Hardware stores carve their niches
When Ron Gladieux Jr. and his family decided to build a new hardware store in 1999, they thought it would be fun to add a small Lionel model train department.
“Lionel started in 1900, so I thought it would be something nostalgic, and something for the kids to do when families came into the store,” said Gladieux Jr., whose family owns Gladieux Do it Best Home Center in Oregon, Ohio. “Now we have a mailing list of over 1,000 people who buy from us. It’s become a lot bigger than we intended.”
In fact, when the Gladieux family redesigned the 17,000-square-foot store a few years ago, they devoted a full 1,200 square feet to Lionel trains, setting up several working displays, including an overhead run with more than 100 feet of track. The store also sponsors three to four train shows a year, which bring in several hundred customers. All told, the Lionel train department produces $150,000 to $200,000 in annual revenues for Gladieux Do it Best Home Center.
“We do the shows on a Sunday, which is our slow day, sending out mailers and offering food to go along with it,” Gladieux Jr. said. “Then people tend to walk through the store and fill their cart with other things, so it definitely creates add-on business.”
Gladieux Do it Best’s Lionel train business is one example of how a hardware store can take a niche department and turn it into a profitable part of the business. In addition to generating revenue, niche departments can also give independent hardware stores a much-needed edge in their marketplace.
When hardware store owner Mike Obermeier tried to resume his old hobby of wine-making after his children were grown in the late 1990s, he couldn’t find the equipment anywhere. So he decided to stock it himself at Obermeier Hardware & Rental in Rockport, Ind.

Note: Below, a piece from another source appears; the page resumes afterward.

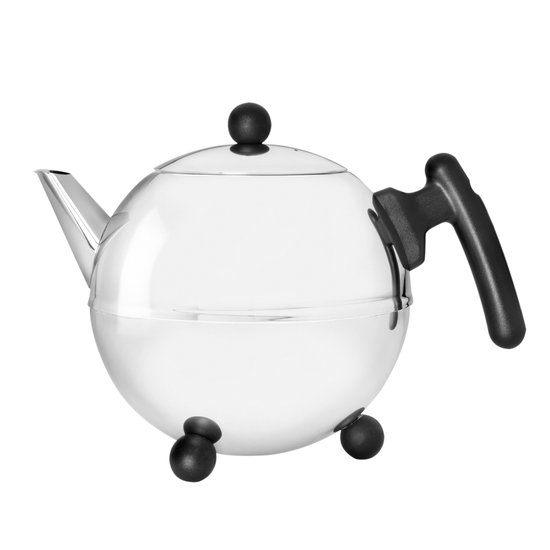 Bredemeijer - Duet® Bella Ronde – Dubbelwandige Theepot – 1,2 liter - RVS - Zwart beslag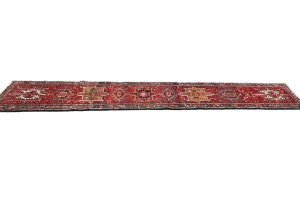 Vintage Red Tribal 2X10 Karajeh Persian Runner Rug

Obermeier uses one side of a 20-foot aisle to carry stabilizers, sterilants, fruit bases, corkers and bottles for wine making, and malted grains, dried malt, caps and bottles for beer making. The niche serves up $20,000 to $25,000 a year in revenue.
“All our business is through word of mouth, and people come from as far as 60 miles away to buy beer and wine-making supplies,” said Obermeier, whose family has owned the store since 1959. “There are doctors, lawyers, preachers and teachers—you name it. It’s quite profitable also, with the best margins on anything in the store.”
Niche departments come in all shapes and sizes. Johnson’s True Value in Groton, Conn., does a good business in Boy Scout and Girl Scout uniforms, while Lehman’s of Kidron, Ohio, is world famous for offering off-the-grid products like oil lamps, butter churns and crank-powered radios. And then there’s A&G Hardware, a Gillespie, Ill.-based store that takes in dry cleaning while also serving as a UPS drop-off location.
Crouse Lumber, a Do it Best store/lumberyard in Lima, Ohio, also has an interesting niche: Partners Bob Wieging and John Briggs sell house plans, offering a book of designs or custom design services, as well as construction services if required. If the homeowner uses Crouse to build the house, they receive six copies of the plans at no charge.
“Many people only build a home once in a lifetime, and it’s a nice niche for us because we can help them build from the ground up,” said Tim Co-nine, sales manager for Crouse.
Chandler Ace Hardware in Chandler, Ariz., owned by partners Robert Vasquez and Brian Freeland, has several niches, including a selection of complete outdoor kitchens with upscale brands like Viking and Capital grills and rainproof hi-definition LCD televisions.
The store also offers a granite countertop program, through which the customer selects his own slab of granite from the warehouse and can save $5 to $20 per square foot over the nearby big boxes, according to Vasquez.
“What we’re finding out is there are certain niches we can go after and be very competitive,” he said. “With granite countertops, we can beat bigger stores on price. Plus, I babysit every job, so our customers are getting great customer service as well.”